Host Setup for Qemu KVM GPU Passthrough with VFIO on Linux


GPU passthrough shouldn't feel like sorcery. If you've ever lost a weekend to half-working configs, random resets, or a guest that only boots when the moon is right, this guide is for you. I have pulled lots of hair while hardening the CloudRift VM service for a variety of consumer (RTX 4090, 5090, PRO 6000) and data center (H100, B200) GPUs, so writing this guide to help you avoid common pitfalls.
I'll focus specifically on the host node configuration for GPU passthrough. Thus, this guide is relevant regardless of whether you're using Proxmox or plain libvirt/QEMU. The provided instructions have been tested on Ubuntu 22.04 and 24.04 with various NVIDIA GPUs.
To keep this guide manageable, I won't delve into lower-level details, such as specific domain XML tricks, Linux kernel builds, or GPU firmware flashing.
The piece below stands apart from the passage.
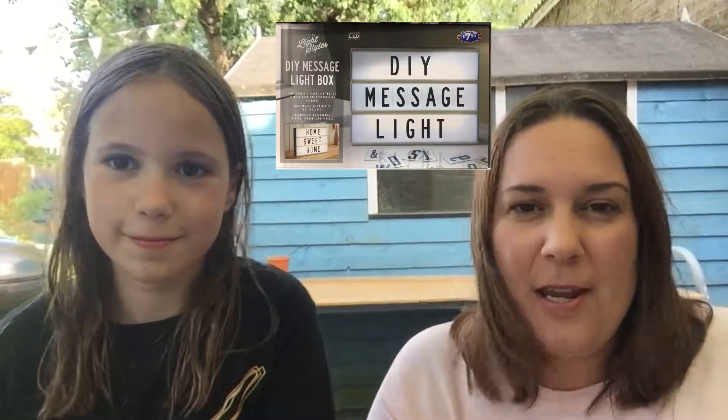Last but not least for interiors, I've got my eye on this DIY Cinema Lightbox from B&M. I've seen a few bloggers use them on their posts — they're hugely popular in interiors. B&M are bang on trend again, bringing it in, because the other places I've seen sell it are really expensive. B&M: £7.99. High five B&M!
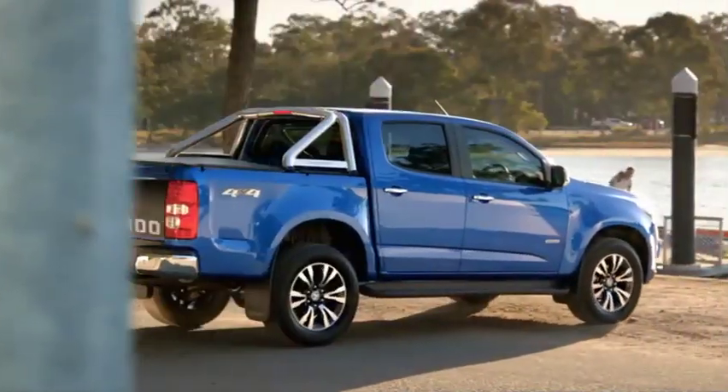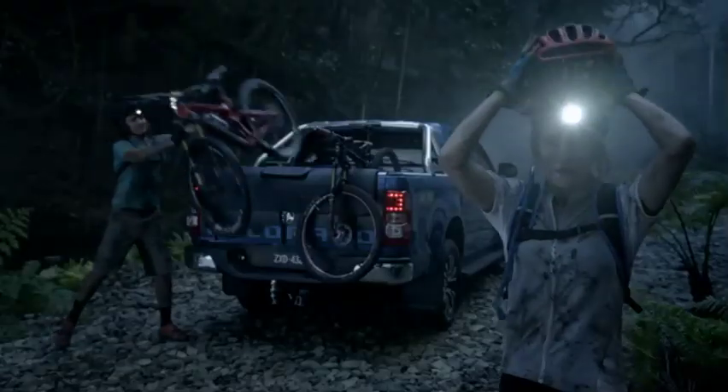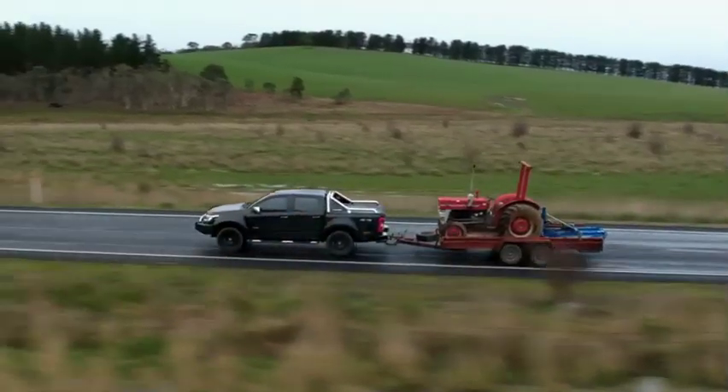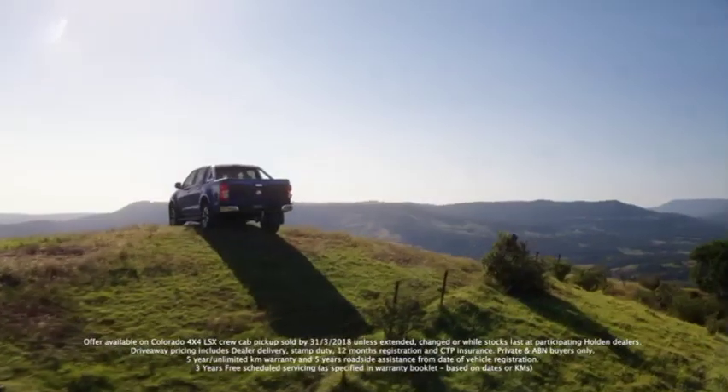The Holden Colorado is for those who need to get away to keep in touch. Who are up early to stay late. Know that busy is relaxing. Who want to go up there, through that, into that, even there? Yeah, why not?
In most cases, you don't need to fiddle with those.
1. Remove NVIDIA drivers
The first step is to remove the NVIDIA drivers. It is not required, but NVIDIA drivers tend to cause issues with passthrough in one way or another, so it's better to remove them altogether.
If you're configuring your own work PC with multiple GPUs, skip this step as without NVIDIA drivers you won't be able to run UI applications. In this case, the passthrough robustness is likely not a priority for you. However, I strongly recommend removing NVIDIA drivers on headless servers.
If the NVIDIA driver is installed from the repository, you can remove it using the following commands:
sudo apt-get remove --purge '^nvidia-.*'
sudo apt autoremove
If you've installed the driver using the RUN file, remove it using:
sudo /usr/bin/nvidia-uninstall
Remove configs if any.
sudo rm -rf /etc/X11/xorg.conf
sudo rm -rf /etc/modprobe.d/nvidia*.conf
sudo rm -rf /lib/modprobe.d/nvidia*.conf
Reboot the system after driver removal
sudo reboot
2. Check BIOS, IOMMU Support and IOMMU Group Assignment
The next step is to check virtualization and IOMMU support. We need to check four things:
Virtualization is enabled (AMD-Vi / Intel VT-D options are enabled in bios). If present, enable "Above 4G decoding" and "Resizable BAR (ReBAR)" options in BIOS as well.
IOMMU is active (groups exist).
Each GPU and its audio function are isolated in their own IOMMU group.
GPU groups contain only GPU/video-audio functions and PCI bridges — no NICs, NVMe, SATA, etc.
You can use the following handy-dandy script to check those preconditions.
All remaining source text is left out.